There are plenty of workhorses. There is also no little skill. The likes of Argentinian midfielder Alejandro Faurlin and pacey right-back Kyle Walker, on loan from Tottenham Hotspur, are great to watch. The lively Jamie Mackie also provided plenty of early-season hyperbole by netting six goals with his first seven shots on target in the campaign.
But there can only be one. And there is no way on God’s green earth that a player of Adel Taarabt’s obvious talent should be playing in the second tier of English football.
Taarabt lights up the Championship. Love him or hate him – and it is easy for opposition supporters to find gripes with such an unpredictable and unorthodox footballer – the Moroccan is a player that helps make the division as a whole a more appealing prospect.
His stock in trade is the long-range strike, showcased twice at the weekend in a 3-1 win over struggling Preston North End. The first in particular was beautiful, lifted up and away from Andy Lonergan’s despairing dive eleven minutes after the interval. The accusations that surfaced at times last season, that Taarabt is just a show pony not suited to the rigours of the English game, seem distant now.
But Rangers are not a one-man team. The success of their season so far cannot be solely attributed to the talismanic Taarabt or the wily Warnock. Boy can they defend. Only Matthew Connolly’s unfortunate 88th minute own goal on Saturday prevented a twelfth league clean sheet.

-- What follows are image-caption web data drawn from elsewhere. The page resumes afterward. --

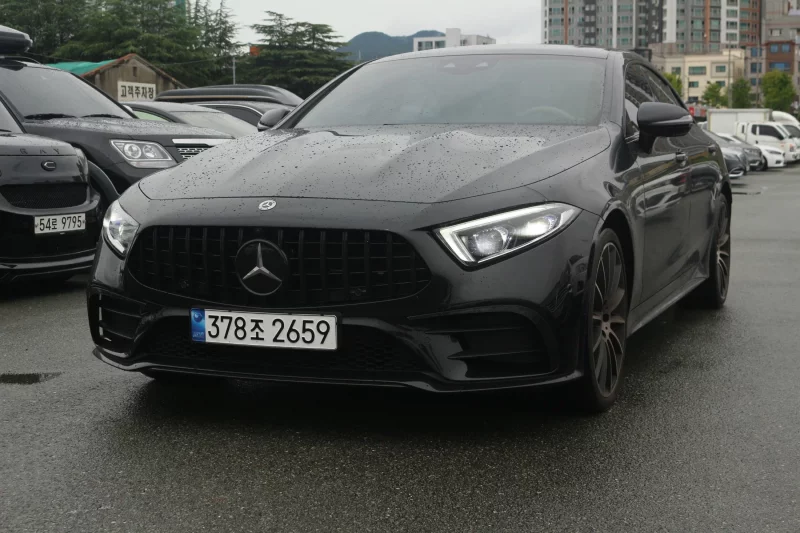 Mercedes-Benz CLS-Class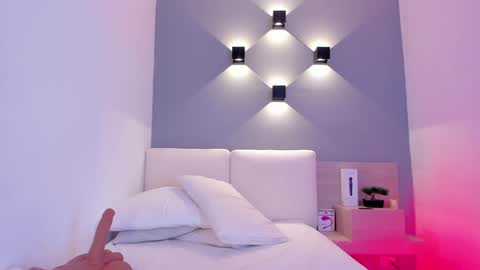 Aisha online show from January 28, 11:28 pm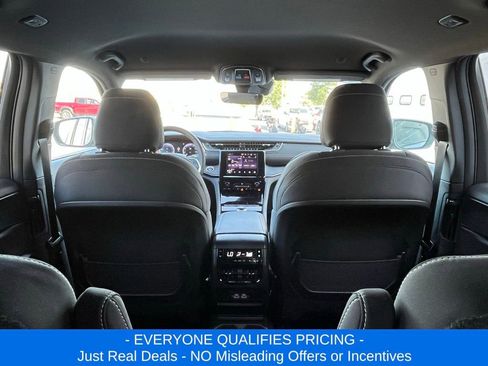 New 2025 Jeep Grand Cherokee L Laredo w/ Trailer Tow Package image 26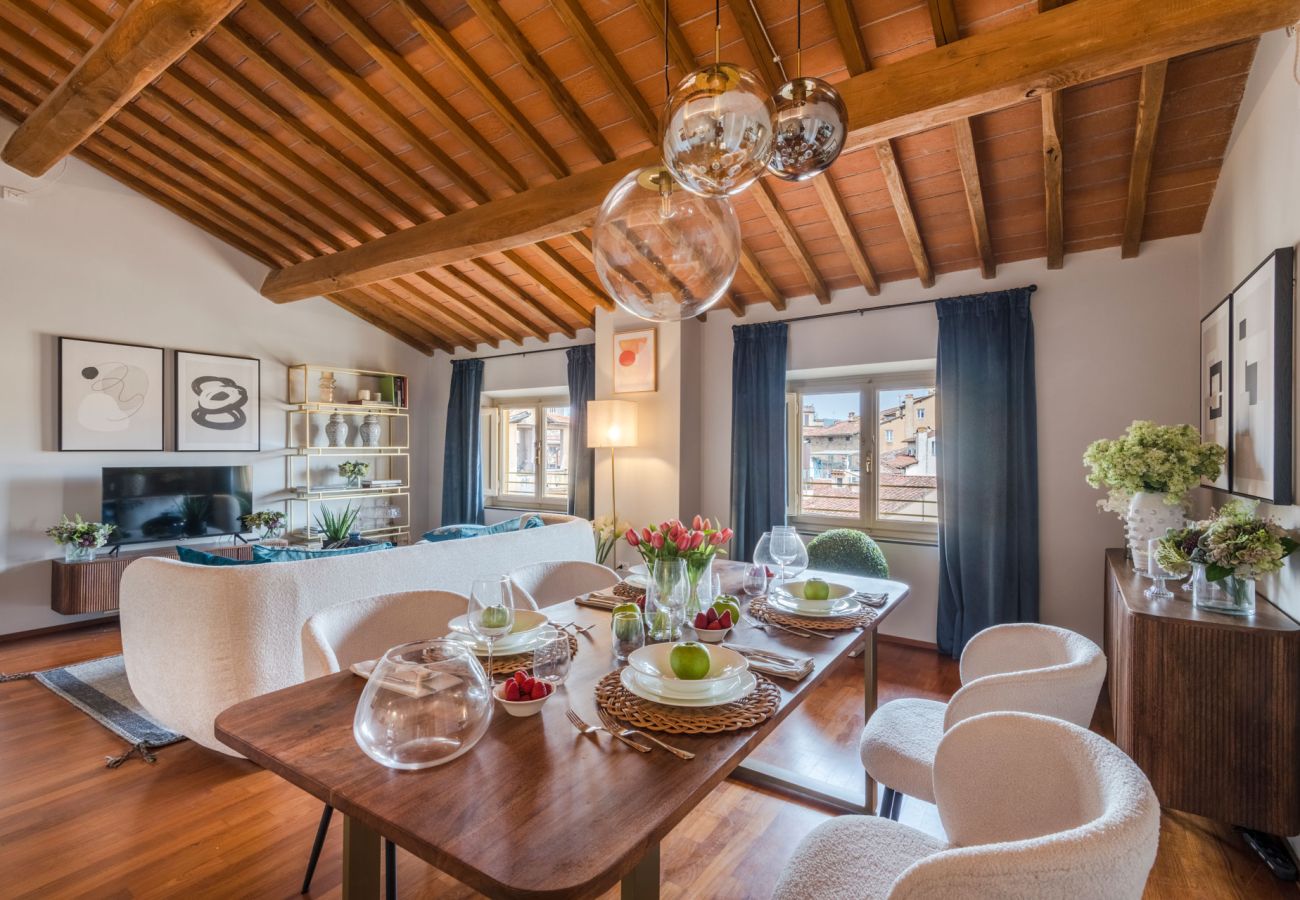 Apartamento en Lucca - De Nobili Penthouse, Luxury Apartment with Elevator inside the Walls of Lucca Apartamento en Lucca - De Nobili Penthouse, Luxury Apartment with Elevator inside the Walls of Lucca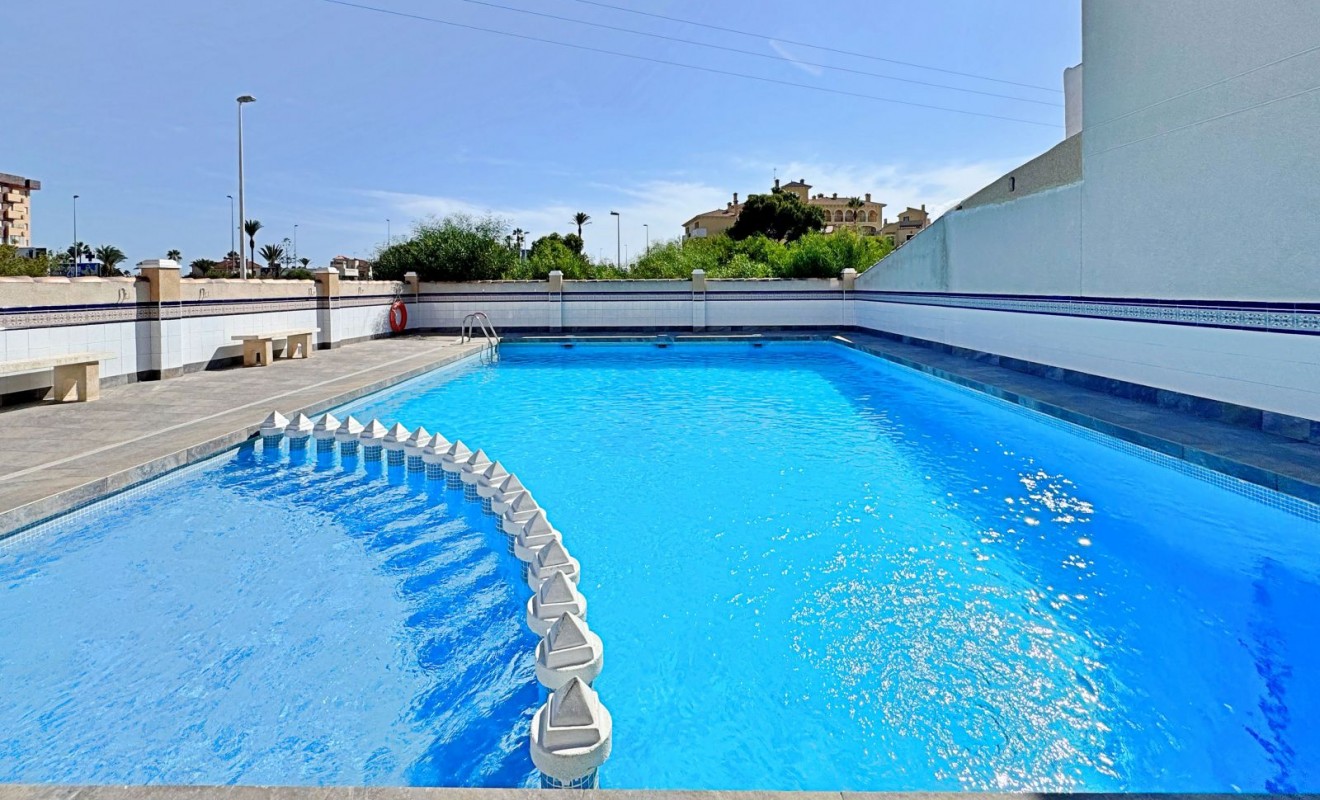 Sale - Apartment - Orihuela Costa - La Zenia
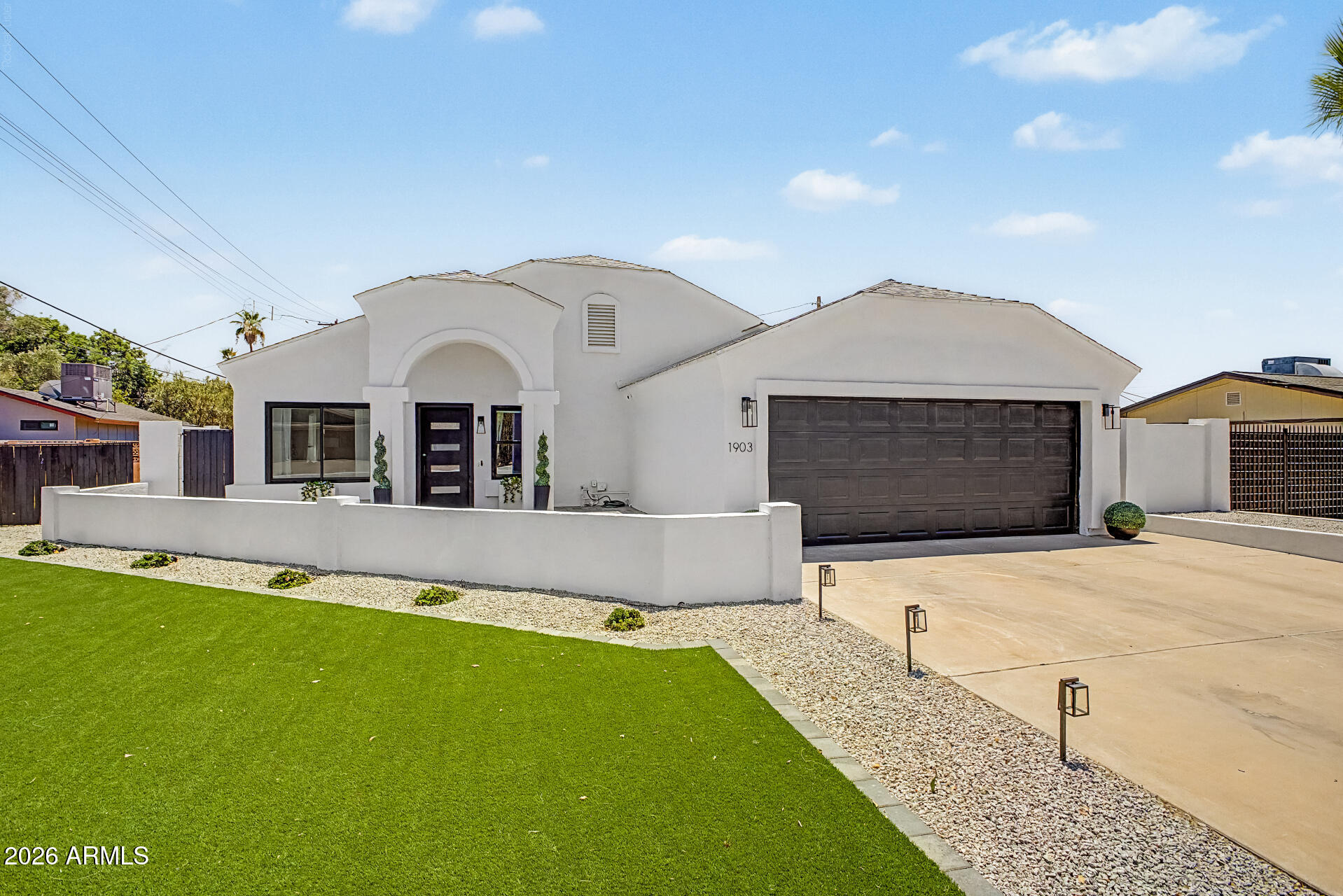 1903 E OCOTILLO Road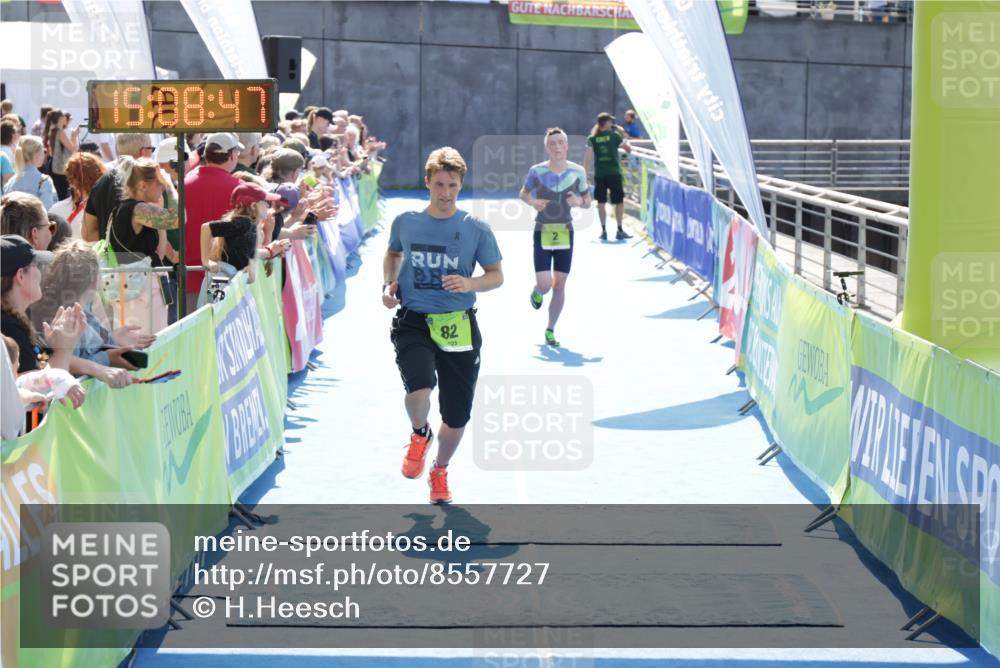 10.08.2025 - GEWOBA Citytriathlon Bremen H.Heesch http://msf.ph/oto/8557727 10.08.2025 15:08:51 Ziel 2, 82 meine-sportfotos.de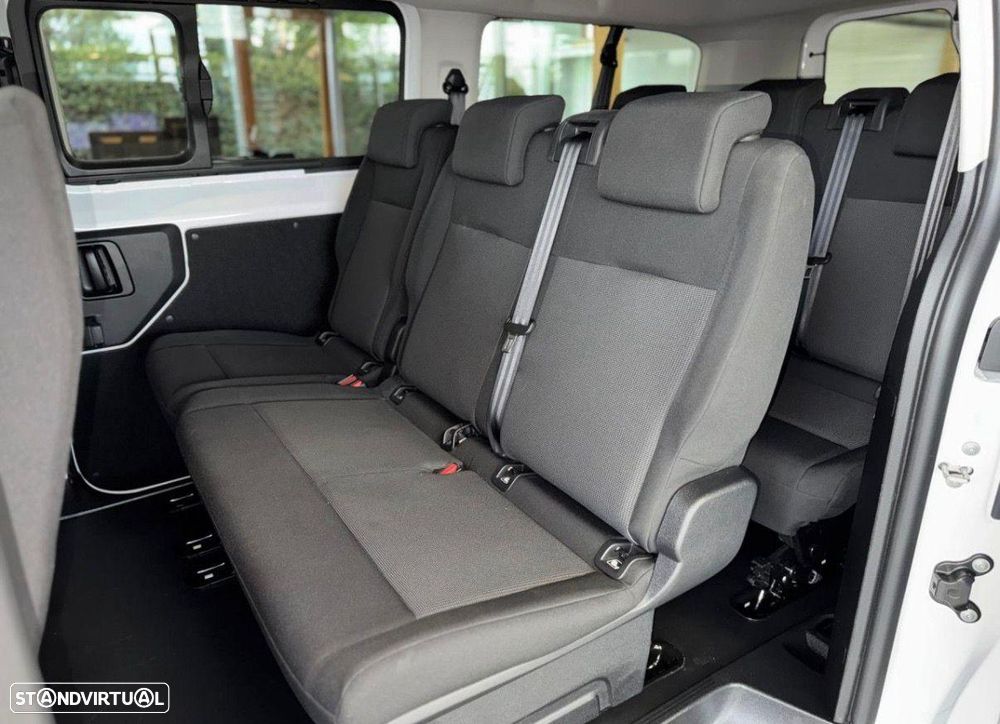 Peugeot e-Expert 75 kWh Semi-Vidrado Premium Long - 14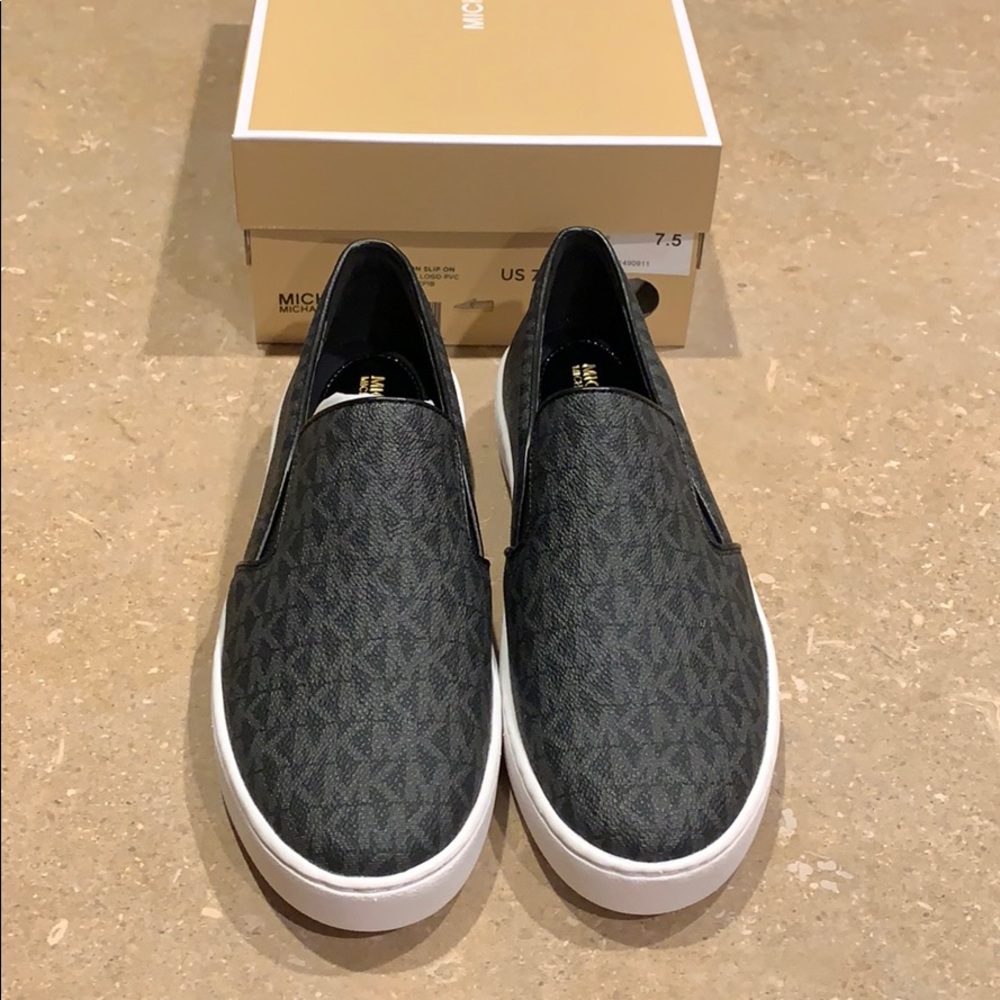 Michael Kor’s mini logo Keaton Slip On, 7.5 NEW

A recent succession of draws may have caused some concern among Rangers fans, but the numbers game reveals that their three nearest challengers have lost fifteen games between them in the first eighteen games this term. Warnock’s men have conceded just eight goals, six fewer than third-placed Swansea.
And the Swans sum up QPR’s achievement thus far. But for a clever turn and shot from their departed loanee Marvin Emnes just over a fortnight ago, Cardiff would have gained a point from the South Wales derby. And three days later, 40 miles west along the M4, only Jonathan Stead’s strike for Bristol City stood between Swansea and the avoidance of their sole defeat at the Liberty Stadium this season.
QPR haven’t just avoided defeat at Loftus Road. They’ve avoided it anywhere, including at the City Ground prior to Saturday’s victory over Preston. That result was put into context when Nottingham Forest were the second successive side to take all three points from the Welsh capital at the weekend. And Cardiff will hope to recover by snatching top spot back on their trip to the English capital.
They may well be the team to end Rangers’ unbeaten run, but they will have to work exceptionally hard in order to do so.
Kyle Walker will keep pace with Craig Bellamy and make him work hard heading in the opposite direction too. Seyi Olofinjana will have his hands full dealing with Taarabt. And after Forest centre-backs Wes Morgan and Luke Chambers restricted Bothroyd and co to a solitary shot on target in their encounter at the Cardiff City Stadium, the formidable Rangers rearguard led by Kaspars Gorkss will fancy their chances of nullifying the division’s most feared strikeforce.
It is a mouthwatering prospect and one, above any other this season, which could do with live television coverage. Sadly, that is not to be. Those in attendance can nevertheless anticipate a fascinating clash between the two best teams in the Football League.
And it is about time that Queen’s Park Rangers received an accolade on this particular Football League blog for being the best.